What you write should be the line containing "2019 NAVISTAR INTERNATIONAL RH613 DAYCAB S/A" followed by every line after it to the end of the listing, exactly as given, and nothing more.
Start of INFORMATION SUPPLIED
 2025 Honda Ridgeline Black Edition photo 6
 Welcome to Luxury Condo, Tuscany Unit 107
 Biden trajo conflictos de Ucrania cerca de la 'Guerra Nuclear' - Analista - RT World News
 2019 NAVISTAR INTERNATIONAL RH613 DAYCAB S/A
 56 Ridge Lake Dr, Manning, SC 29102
End of INFORMATION SUPPLIED
▶ [TASK ANSWER]
 2019 NAVISTAR INTERNATIONAL RH613 DAYCAB S/A
 56 Ridge Lake Dr, Manning, SC 29102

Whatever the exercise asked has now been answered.